My childhood and educational experiences were shaped in a diverse community in southwest Florida. For many years I had convinced myself the diverse reflection of my friendships, the schools I attended and the people I played sports with made my community immune to racism and cultural bias. These diverse friendships were also the justification I gave myself to suggest I was free of any racial bias or prejudices.
Those beliefs came crumbling down a few years ago after a lengthy conversation with a childhood friend who, respecting his anonymity, I will call Jason. Like old friends, we discussed various childhood memories and the close football games we almost won and the times we had driven back and forth to night school so we could both graduate on time. During the course of the conversation, the issue of race came up and I asked Jason what his perspective was. Jason soon reminded me of some of the experiences we shared over the years and some of the reasons why he never felt comfortable spending the night at my house.
It was then I realized that though Jason and I shared the same narrative, our experiences were quite different. In short order, he began to explain the reasons why he did not fish in the same neighborhood ponds that I fished in because he was fearful, why he never stayed in my neighborhood too late, and that his parents had conversations with him that mine never felt obligated to have with me. Though Jason and I grew up in the same town, participating in many of the same activities, his experiences were much different than my own.
In a similar fashion, the experiences of the nearly 17 percent of our population who live below the poverty line are vastly different than the nearly remaining 83 percent. They speak a different language, their insecurities are not shared, and the tangible fears they have for their families often go unheard.

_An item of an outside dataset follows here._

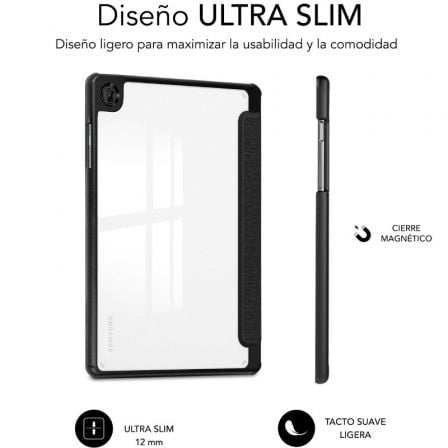 Capa Subblim Clear Shock Case para Samsung A11+/ Preta - Imagem 5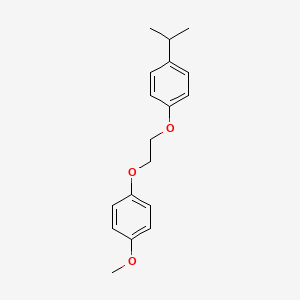molecular formula C18H22O3 B5138982 1-isopropyl-4-[2-(4-methoxyphenoxy)ethoxy]benzene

That’s the thing about empathy that is so difficult in the current moment we find ourselves in. As community structures began to crumble, and partisan lines dug deeper, we forgot what it was like to listen to one another’s stories. There is reconciliation and healing that needs to occur on multiple levels. That process can not begin until we are prepared to relearn the practice of walking in one another’s shoes. We need to listen to one another’s experiences and seek to understand one another’s perspective.
In our current climate, we have failed to learn how to disagree with civility. Instead, we tend to align ourselves with our given tribes and this allegiance becomes more important than listening and seeking to understand other perspectives. The miles we walk toward a better future for our children, largely depends on which shoes we chose to wear. It’s past time to try another pair.